De duʿāʾ kent drie rangen met betrekking tot de beproeving:

Ten eerste: Dat de duʿāʾ sterker is dan de beproeving en hierdoor de beproeving verdringt.

Ten tweede: Dat de duʿāʾ zwakker is dan de beproeving en de beproeving hierdoor de dienaar treft. Maar het kan zijn dat zijn duʿāʾ ondanks de zwakte ervan, de beproeving verlicht.

Ten derde: Dat zij (de duʿāʾ en de beproeving) even sterk zijn en elkaar tegenhouden om hun metgezel te treffen.
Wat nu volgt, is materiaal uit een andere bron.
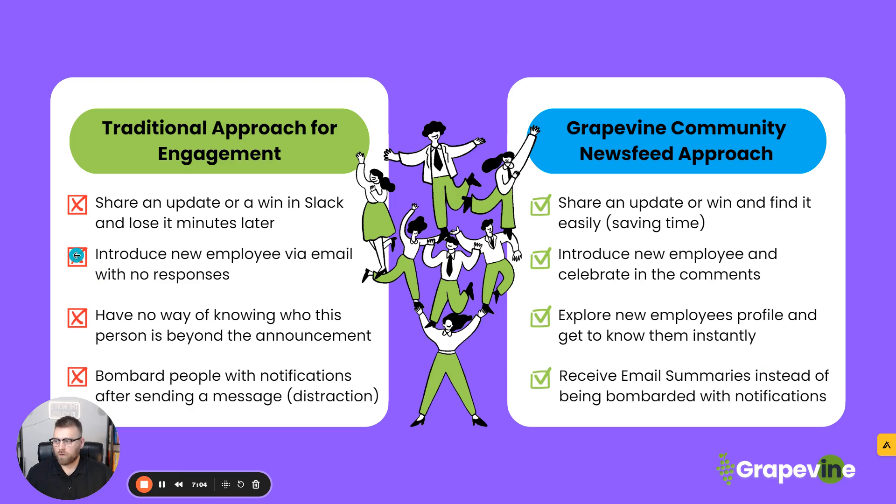The other traditional approach is introducing new employees via email with zero response, or people responding directly to the employee or replying all, but you only get like one or two. How does that make you feel as an employee? You don't feel great. You don't feel connected. You don't feel like you're a part of the team. Even in Slack, people might only put an emoji or whatever. In Grapevine, you introduce a new employee and you celebrate in the comments.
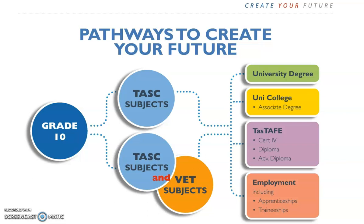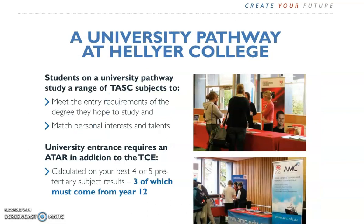VET stands for Vocational Education and Training. VET certificates are recognised nationally and have a focus on skills. Examples include Certificate 2 in Construction Pathways, Certificate 2 in Salon Assistance, and Certificate 2 in Hospitality. These can lead directly to employment or further study at TAS TAFE.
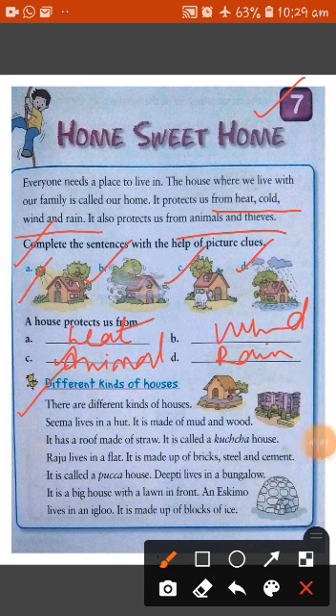Now, different kinds of houses. There are many kinds of houses. Sima lives in a hut — it is made up of mud and wood. Houses made from mud and wood are known as huts or small houses. It has a roof made of straw, so it is called a kacha house. A kacha house is basically made up of mud and wood, and its roof is made up of straw.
Al-Ḥākim overlevert in zijn Ṣaḥīḥ op gezag van ʿĀʾisha (رضي الله عنها) die zei dat de boodschapper van Allah ﷺ zei:

“Geen voorzorgsmaatregel kan bescherming bieden tegen de qadr (voorbeschikking) van Allah. Duʿāʾ is profijtvol met betrekking tot datgene wat wel en niet neerdaalt. Waarlijk, de beproeving daalt neer en ontmoet de duʿāʾ. Vervolgens beginnen zij met elkaar te worstelen tot aan de Dag der Opstanding.”[2]
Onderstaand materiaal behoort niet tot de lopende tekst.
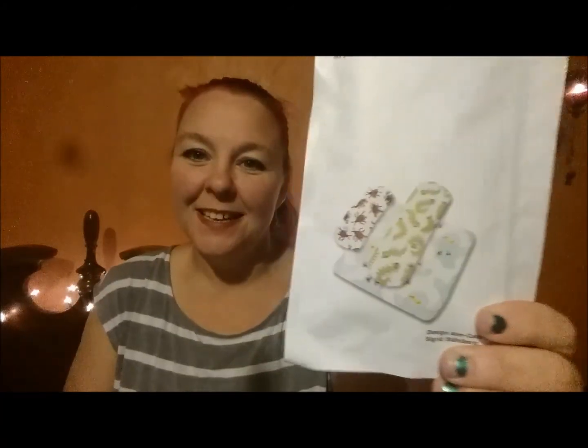I'd never seen these at Ikea before — I had to get them because I have grandkids here. Look at these cute little band-aids with bugs on them! All kinds of sizes — 16 of one, 14 of another, and 10 of another. I think this was like 79 cents, so a really good deal.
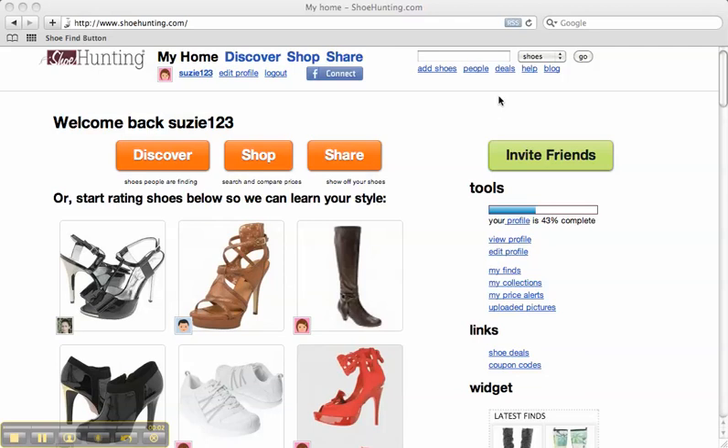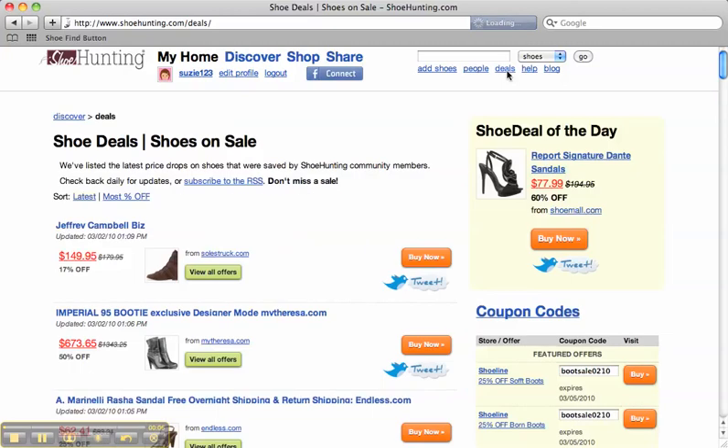Make sure you're taking advantage of all of our great shoe deals. To see all these deals, click the deals link in the top right of our screen. Here you'll see our shoe deal of the day, which is the shoe that's dropped the most in price today.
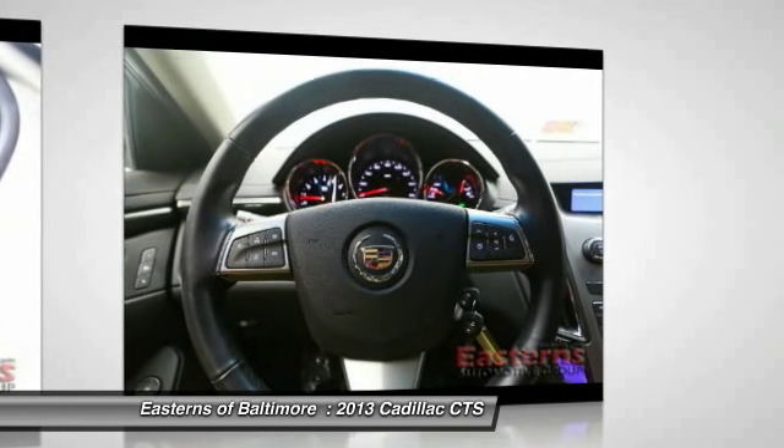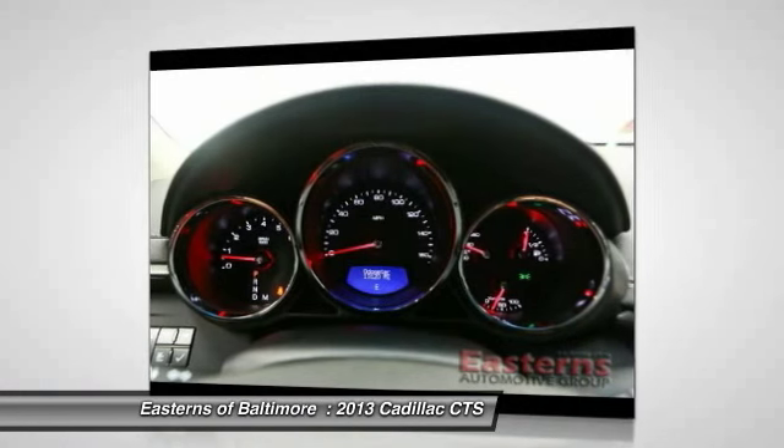This isn't just a vehicle. It's an experience. So stop in for a test drive today.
Al-Ḥākim overlevert ook op gezag van Ibn ʿUmar op gezag van de profeet ﷺ die zei:

“Duʿāʾ is profijtvol met betrekking tot datgene wat wel en niet neerdaalt. Verricht dus duʿāʾ o dienaren van Allah.”[3]

Al-Ḥākim overlevert ook een overlevering op gezag van Thawbān op gezag van de profeet ﷺ die zei:

“Niets wendt de voorbeschikking (al-qadr) af behalve de duʿāʾ en niets doet de leeftijd toenemen behalve al-birr (al het goede). Waarlijk, een persoon wordt van rizq (voorziening) ontnomen vanwege een zonde die hij pleegt.”[4]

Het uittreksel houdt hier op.